For Python (or PyPI) this is easier, since their data is available on Google BigQuery [1], so you can just run
SELECT * FROM `bigquery-public-data.pypi.distribution_metadata` ORDER BY length(version) DESC LIMIT 10
The winner is: https://pypi.org/project/elvisgogo/#historyThe package with most versions still listed on PyPI is spanishconjugator [2], which consistently published ~240 releases per month between 2020 and 2024.
[1] https://console.cloud.google.com/bigquery?p=bigquery-public-...
Regarding spanishconjugator, commit ec4cb98 has description "Remove automatic bumping of version".
Prior to that commit, a cronjob would run the 'bumpVersion.yml' workflow four times a day, which in turn executes the bump2version python module to increase the patch level. [0]
Edit: discussed here: https://github.com/Benedict-Carling/spanish-conjugator/issue...
[0] https://github.com/Benedict-Carling/spanish-conjugator/commi...

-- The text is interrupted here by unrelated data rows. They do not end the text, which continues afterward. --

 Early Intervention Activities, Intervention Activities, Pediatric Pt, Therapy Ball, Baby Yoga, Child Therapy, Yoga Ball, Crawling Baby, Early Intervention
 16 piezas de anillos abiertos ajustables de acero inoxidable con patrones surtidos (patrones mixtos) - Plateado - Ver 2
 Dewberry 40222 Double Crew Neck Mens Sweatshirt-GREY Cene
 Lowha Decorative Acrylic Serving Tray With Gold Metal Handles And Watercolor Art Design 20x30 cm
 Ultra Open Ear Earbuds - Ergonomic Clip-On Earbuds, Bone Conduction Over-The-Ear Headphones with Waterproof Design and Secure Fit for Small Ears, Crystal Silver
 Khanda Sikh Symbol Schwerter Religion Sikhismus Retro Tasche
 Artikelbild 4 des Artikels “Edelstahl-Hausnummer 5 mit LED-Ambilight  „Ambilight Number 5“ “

i love the package owner’s response in that issue xD
Tangential, but I've only heard about BigQuery from people being surprised with gargantuan bills for running one query on a public dataset. Is there a "safe" way to use it with a cost limit, for example?
Yes you can set price caps. The cost of a query is understandable ahead of time with the default pricing model ($6 per TB of data processed in a query). People usually get caught out by running expensive queries recursively. BigQuery is very cost effective and can be used safely.

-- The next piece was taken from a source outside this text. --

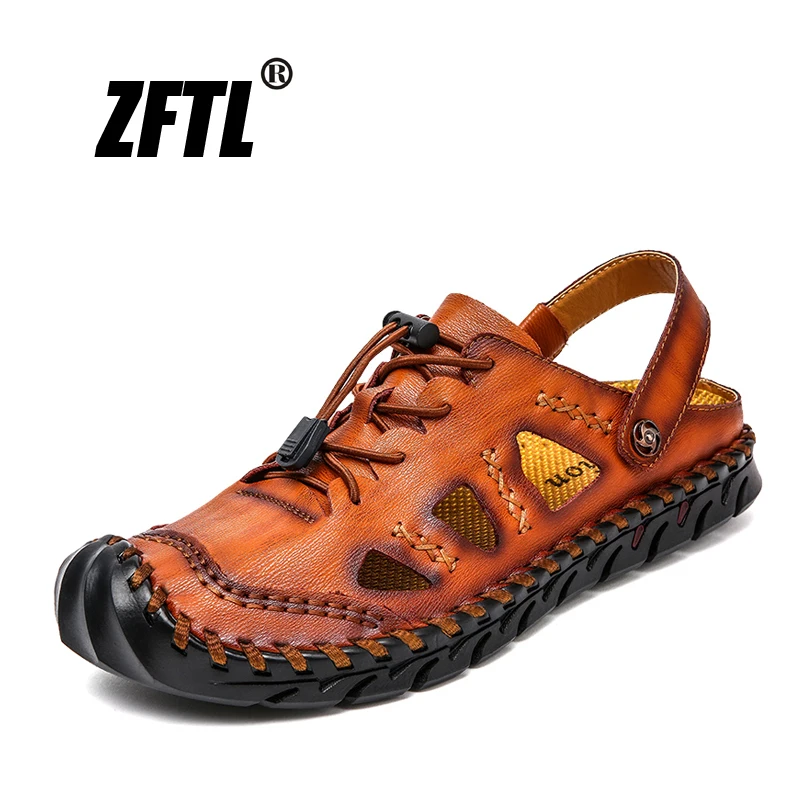 Сандалии ZFTL мужские из натуральной кожи Повседневная пляжная обувь ручной
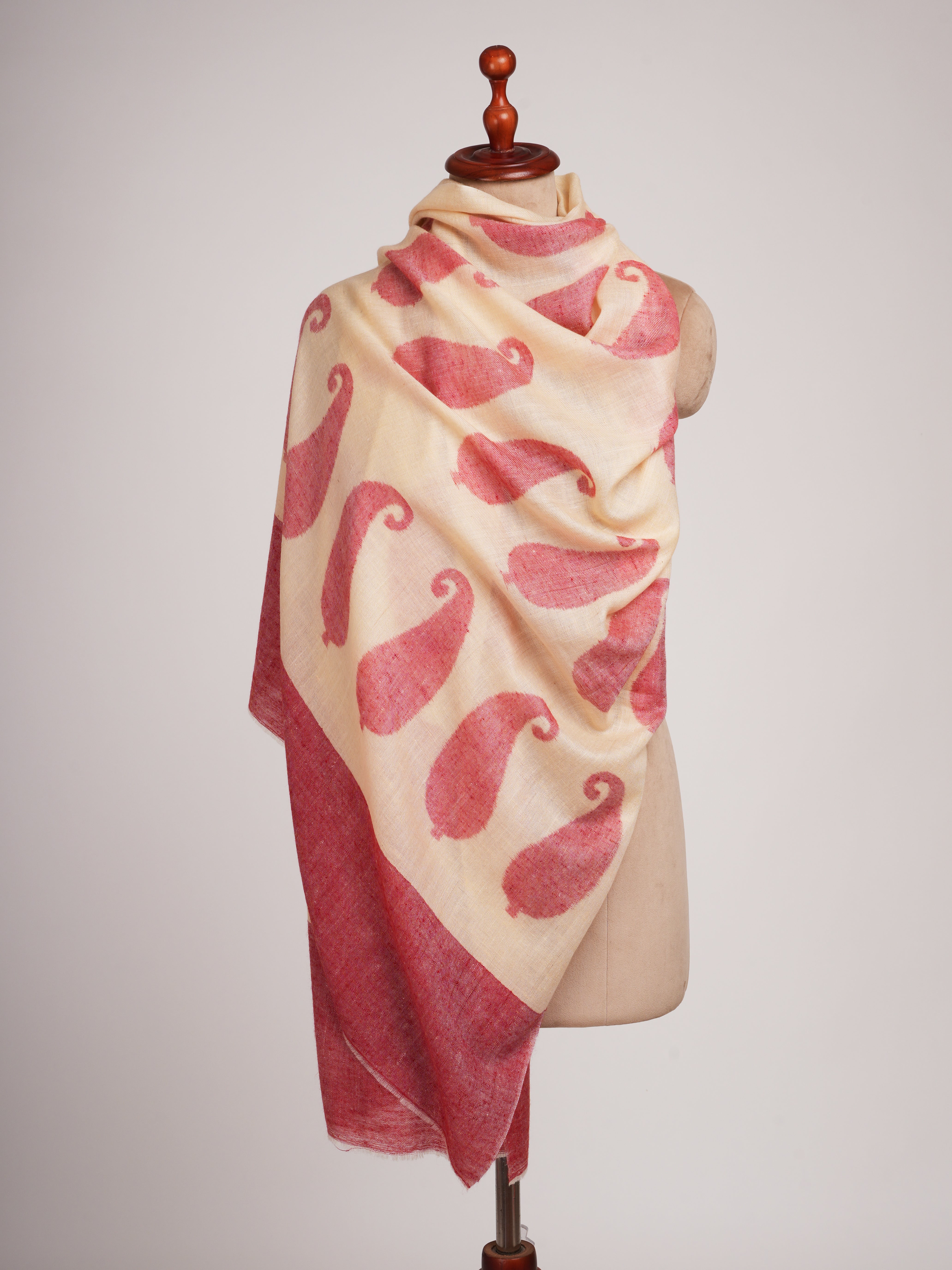 Ikat Paisley Handwoven Kashmiri Pashmina Shawl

You can tell someone has worked in the cloud for too long when they start to think of $6 per database query as a reasonable price.
We really need to go back to on-premise. We have surrendered our autonomy to these megacorps and now are paying for it - quite literally in many cases.
Surely most queries should process much less than 1 TB of data?
My 3TB, 41 billion row table costs pennies to query day to day. The billing is based on the data processed by the query, not the table size. I pay more for storage.
Can you actually set "price caps"?
Most of the cloud services allow you to set alerts that are notorious for showing up after you've accidentally spend 50k USD. So even if you had a system that automated shutdown of services when getting the alert, you are SOL.
Running ripgrep on my harddrive would cost me $48 at that price point.
BigQuery data is stored (I assume) in column oriented files with indices, so a typical query reads only a tiny fraction of the stored data.
I decided my life could not possibly go on until I knew what "elvisgogo" does, so I downloaded the tarball and poked around. it's a pretty ordinary numpy + pandas + matplotlib project that makes graphs from csv. one line jumped out at me: str_0 = ['refractive_index','Na','Mg','Al','Si','K','Ca','Ba','Fe','Type'] the university of st. andrews has a laser named "elvis" that goes on a remote controlled submarine: https://www.st-andrews.ac.uk/~bds2/elvislaser.htm I was hoping it'd be about go-go dancing to elvis music, but physics experiments on light in seawater is pretty cool too.
You can also query for free at clickpy.clickhouse.com. If you click on any of the links on the visuals you can see the query used.
The underlying dataset is hosted at sql.clickhouse.com e.g. https://sql.clickhouse.com/?query=U0VMRUNUIGNvdW50KCkgICBGUk...
disclaimer: built this a a while ago but we maintain this at clickhouse
oh and rubygems data is also there.
Here [0] is the partial query on the ClickHouse dataset, with different results due to a quota error [1].
[0] https://sql.clickhouse.com?query=U0VMRUNUIHByb2plY3QsIE1BWCh...
[1] Quota read limit exceeded. Results may be incomplete.
We have mvs you can use to avoid this
https://sql.clickhouse.com/?query=U0VMRUNUIHByb2plY3QsIE1BWC...
takes 0.1s
> spanishconjugator [2], which consistently published ~240 releases per month between 2020 and 2024
They also stopped updating major and minor versions after hitting 2.3 in Sept 2020. Would be interesting to hear the rationale behind the versioning strategy. Feels like you might as well use a datetimestamp for the version.
deps.dev has a similar bigquery dataset across a couple more languages if someone wanted to do analysis across the other ecosystems they support.